Hello everyone. Quite frankly, I'm not extremely versed in a lot of chamber music, with the exception of Haydn's String Quartets. Granted, I know what it is and do listen to some here and there, but it's not my first choice. I'm more of an orchestral/symphonic type of person. Anyways, my question here is if anyone has any suggestions for a piece or specific movement that is similar to the opening movement of Beethoven's Kreutzer Sonata, because I love that piece? So much energy, excitement, and emotion blended together. Please take note that I'm specifically asking about the first movement. Suggestions can be from any composer(s), but some preferences for me are nothing with asymmetrical themes/melodies (such as plenty of Brahms's music), no atonal music, such as stuff often found from the twentieth century, and preferably in a minor key. I'm not ruling out everything by Brahms or everything from the twentieth century, just those common characteristics of both. Yes, yes, I know these are some steep requirements, but those are common features that are absent in most of the music I listen to. Anyways, I look forward to hearing back from you all. Thanks in advance! :tiphat:


----------



## KenOC

Well, there aren't many pieces like the Kreutzer! But here's a long shot -- Shostakovich's Piano Quintet. Different idiom, but maybe a match in intensity.


----------



## Blancrocher

I'd recommend Bach's 2nd Partita, in particular the glorious Chaconne.






Welcome to the forum, btw.


----------



## Guest

Blancrocher said:


> I'd recommend Bach's 2nd Partita, in particular the glorious Chaconne.
> 
> 
> 
> 
> 
> 
> Welcome to the forum, btw.


Beautifully played, Hilary!


----------



## Guest

For comparison:


----------



## Skilmarilion

You may enjoy Beethoven's 3rd Cello Sonata.
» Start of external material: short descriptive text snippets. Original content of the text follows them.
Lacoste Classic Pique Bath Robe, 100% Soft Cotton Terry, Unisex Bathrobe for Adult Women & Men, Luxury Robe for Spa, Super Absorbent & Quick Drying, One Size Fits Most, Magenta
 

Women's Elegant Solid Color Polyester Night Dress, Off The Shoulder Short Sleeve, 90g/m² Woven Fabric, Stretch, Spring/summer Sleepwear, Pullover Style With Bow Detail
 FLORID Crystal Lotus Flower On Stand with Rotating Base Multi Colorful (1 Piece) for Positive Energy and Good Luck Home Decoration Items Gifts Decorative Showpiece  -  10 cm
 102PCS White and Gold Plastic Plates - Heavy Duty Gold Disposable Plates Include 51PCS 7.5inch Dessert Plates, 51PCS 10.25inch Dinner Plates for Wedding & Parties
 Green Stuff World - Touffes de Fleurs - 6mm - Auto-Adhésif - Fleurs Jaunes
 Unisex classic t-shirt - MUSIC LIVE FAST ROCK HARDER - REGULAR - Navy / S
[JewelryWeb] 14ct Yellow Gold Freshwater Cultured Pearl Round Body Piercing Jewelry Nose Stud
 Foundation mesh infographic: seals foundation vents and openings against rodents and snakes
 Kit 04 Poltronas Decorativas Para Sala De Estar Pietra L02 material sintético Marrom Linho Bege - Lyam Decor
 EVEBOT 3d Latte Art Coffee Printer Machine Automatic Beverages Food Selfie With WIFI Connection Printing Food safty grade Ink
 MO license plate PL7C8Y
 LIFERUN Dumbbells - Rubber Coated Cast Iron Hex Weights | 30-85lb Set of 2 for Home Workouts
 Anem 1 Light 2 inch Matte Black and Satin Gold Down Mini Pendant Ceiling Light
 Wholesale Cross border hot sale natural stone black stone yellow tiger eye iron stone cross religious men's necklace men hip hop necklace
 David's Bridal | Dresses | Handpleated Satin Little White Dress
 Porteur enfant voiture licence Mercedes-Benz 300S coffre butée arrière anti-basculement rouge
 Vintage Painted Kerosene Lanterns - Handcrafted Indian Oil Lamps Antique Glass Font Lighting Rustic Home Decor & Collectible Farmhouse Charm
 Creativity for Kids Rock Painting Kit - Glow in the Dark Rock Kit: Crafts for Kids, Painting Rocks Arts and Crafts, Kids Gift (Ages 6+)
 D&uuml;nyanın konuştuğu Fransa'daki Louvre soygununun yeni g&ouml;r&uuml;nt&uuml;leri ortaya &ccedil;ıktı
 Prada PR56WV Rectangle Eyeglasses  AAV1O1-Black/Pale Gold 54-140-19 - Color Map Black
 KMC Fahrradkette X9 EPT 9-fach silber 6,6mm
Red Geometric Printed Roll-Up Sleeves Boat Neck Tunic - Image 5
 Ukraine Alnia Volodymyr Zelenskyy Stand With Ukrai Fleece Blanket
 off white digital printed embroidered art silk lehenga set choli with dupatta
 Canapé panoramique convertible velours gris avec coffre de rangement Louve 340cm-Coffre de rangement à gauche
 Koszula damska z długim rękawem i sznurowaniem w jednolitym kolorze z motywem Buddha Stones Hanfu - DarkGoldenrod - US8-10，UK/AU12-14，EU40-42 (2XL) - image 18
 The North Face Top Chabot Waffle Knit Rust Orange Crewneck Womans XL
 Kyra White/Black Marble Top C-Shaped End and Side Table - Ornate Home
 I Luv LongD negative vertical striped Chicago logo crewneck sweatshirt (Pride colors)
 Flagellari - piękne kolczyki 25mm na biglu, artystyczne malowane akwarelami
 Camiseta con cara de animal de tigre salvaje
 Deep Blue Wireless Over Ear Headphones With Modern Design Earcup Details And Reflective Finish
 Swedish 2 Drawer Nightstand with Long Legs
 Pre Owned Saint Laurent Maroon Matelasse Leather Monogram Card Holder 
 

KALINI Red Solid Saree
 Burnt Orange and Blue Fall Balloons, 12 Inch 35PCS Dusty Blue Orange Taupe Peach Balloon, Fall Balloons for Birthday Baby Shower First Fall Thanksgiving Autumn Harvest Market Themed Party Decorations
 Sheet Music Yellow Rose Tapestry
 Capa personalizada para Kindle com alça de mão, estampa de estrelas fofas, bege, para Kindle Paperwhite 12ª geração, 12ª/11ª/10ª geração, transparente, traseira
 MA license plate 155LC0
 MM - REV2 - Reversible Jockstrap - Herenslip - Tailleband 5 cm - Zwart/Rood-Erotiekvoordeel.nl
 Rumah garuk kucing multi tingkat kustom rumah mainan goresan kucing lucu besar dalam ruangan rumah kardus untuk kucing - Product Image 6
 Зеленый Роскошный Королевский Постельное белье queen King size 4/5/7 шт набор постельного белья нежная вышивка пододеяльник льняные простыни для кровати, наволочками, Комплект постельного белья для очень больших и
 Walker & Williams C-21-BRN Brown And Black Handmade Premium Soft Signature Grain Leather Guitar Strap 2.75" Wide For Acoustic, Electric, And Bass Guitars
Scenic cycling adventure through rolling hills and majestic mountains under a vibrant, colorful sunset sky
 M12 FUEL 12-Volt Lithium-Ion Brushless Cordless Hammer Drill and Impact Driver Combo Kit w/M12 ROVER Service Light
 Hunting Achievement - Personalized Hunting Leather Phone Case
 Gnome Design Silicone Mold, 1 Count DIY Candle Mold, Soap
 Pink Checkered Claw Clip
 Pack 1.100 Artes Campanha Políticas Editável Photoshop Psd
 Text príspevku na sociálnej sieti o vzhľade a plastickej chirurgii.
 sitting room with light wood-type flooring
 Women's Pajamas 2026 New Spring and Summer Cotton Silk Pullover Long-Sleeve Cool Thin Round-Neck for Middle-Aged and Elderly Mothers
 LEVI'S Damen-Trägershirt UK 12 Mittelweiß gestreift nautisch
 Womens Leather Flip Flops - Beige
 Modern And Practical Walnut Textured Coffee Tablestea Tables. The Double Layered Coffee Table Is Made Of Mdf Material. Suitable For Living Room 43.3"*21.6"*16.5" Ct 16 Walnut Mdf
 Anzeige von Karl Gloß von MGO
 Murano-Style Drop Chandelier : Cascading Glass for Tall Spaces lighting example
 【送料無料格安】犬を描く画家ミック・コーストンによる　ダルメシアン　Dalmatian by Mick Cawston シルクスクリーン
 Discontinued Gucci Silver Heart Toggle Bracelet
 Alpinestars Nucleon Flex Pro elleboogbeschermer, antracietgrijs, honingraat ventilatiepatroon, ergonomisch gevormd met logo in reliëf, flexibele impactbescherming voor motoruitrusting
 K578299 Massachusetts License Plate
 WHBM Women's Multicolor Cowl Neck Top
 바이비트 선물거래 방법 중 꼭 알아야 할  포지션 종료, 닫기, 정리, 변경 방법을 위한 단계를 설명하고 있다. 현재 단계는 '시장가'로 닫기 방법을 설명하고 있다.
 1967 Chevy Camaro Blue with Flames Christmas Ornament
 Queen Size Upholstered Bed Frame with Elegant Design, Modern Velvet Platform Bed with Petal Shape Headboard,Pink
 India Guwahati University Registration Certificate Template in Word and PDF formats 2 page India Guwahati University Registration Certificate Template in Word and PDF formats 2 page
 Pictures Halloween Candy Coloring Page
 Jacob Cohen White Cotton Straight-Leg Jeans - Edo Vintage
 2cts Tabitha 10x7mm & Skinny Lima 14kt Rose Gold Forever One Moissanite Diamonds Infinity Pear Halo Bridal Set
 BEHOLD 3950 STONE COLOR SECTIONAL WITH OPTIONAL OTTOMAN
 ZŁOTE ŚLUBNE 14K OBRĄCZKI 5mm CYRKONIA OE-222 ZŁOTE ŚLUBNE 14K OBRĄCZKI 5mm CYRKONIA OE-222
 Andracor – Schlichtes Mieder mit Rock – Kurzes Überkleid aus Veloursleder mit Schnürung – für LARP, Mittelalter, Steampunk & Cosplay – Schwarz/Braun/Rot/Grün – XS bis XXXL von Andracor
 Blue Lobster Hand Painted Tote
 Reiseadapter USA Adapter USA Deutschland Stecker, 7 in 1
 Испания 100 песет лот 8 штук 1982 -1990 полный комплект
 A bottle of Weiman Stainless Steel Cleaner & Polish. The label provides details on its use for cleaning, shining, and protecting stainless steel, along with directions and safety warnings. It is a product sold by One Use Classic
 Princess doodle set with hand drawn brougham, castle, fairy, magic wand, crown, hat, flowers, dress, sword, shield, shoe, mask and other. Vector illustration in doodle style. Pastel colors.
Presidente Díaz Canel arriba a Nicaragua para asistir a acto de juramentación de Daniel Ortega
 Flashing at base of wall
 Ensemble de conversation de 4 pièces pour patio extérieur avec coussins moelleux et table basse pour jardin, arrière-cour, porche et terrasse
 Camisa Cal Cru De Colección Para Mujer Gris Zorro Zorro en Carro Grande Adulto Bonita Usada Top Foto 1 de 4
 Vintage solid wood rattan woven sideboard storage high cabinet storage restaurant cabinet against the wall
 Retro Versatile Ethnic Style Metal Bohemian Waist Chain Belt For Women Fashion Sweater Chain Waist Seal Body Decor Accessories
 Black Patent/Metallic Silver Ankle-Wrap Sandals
For some reason I've always found it to be kind of 'complimentary' to the Kreutzer Sonata.


----------



## joen_cph

Concentrating on some violin+piano pieces, some other interesting ones contrasting meditative and turbulent sections in a vaguely similar way:

*Schubert*: Fantasia in C - 



*Debussy*: Sonata, with Gitlis & Argerich (an exceptional performance) 



*Medtner*: Sonata 3 



*Enescu*: Sonata 3 (a very fine performance here: 




)


----------



## hpowders

Sorry. But the first movement of the Kreutzer Sonata is unique. There is NOTHING else at all like it.


----------



## Mandryka

hpowders said:


> Sorry. But the first movement of the Kreutzer Sonata is unique. There is NOTHING else at all like it.


Correct.

adclshbncfasilfcvgbaskfchnsl/vcn\szdl;vmn


----------



## Bevo

Blancrocher said:


> I'd recommend Bach's 2nd Partita, in particular the glorious Chaconne.
> 
> 
> 
> 
> 
> 
> Welcome to the forum, btw.


Hey, I'm not as versed in Baroque music because I personally prefer the Classical and Romantic eras, but this was a wonderful surprise! I do believe that I've heard this piece, or at least heard OF it, but it's been a long time. I can hear spots where there are some similarities, but it a different jewel of it's own (yet a jewel none the less)! But thank you very much for reacquainting me with this wonderful composition. And that was beautiful interpretation and performance! Thank you very much!


----------



## Bevo

Skilmarilion said:


> You may enjoy Beethoven's 3rd Cello Sonata.
> 
> For some reason I've always found it to be kind of 'complimentary' to the Kreutzer Sonata.


Hey, although I can't quite associate this piece with the Kreutzer Sonata, in terms of similarity, I do own a recording of this piece and it is one of my favorites! I love it, just in a different way than the Kreutzer Sonata. I can understand considering it as being "complimentary" though. Great ear!! Thanks for the suggestion anyways!!


----------



## HaydnBearstheClock

I think Beethoven's 'Ghost' Trio is quite similar in style to the Kreutzer Sonata.


----------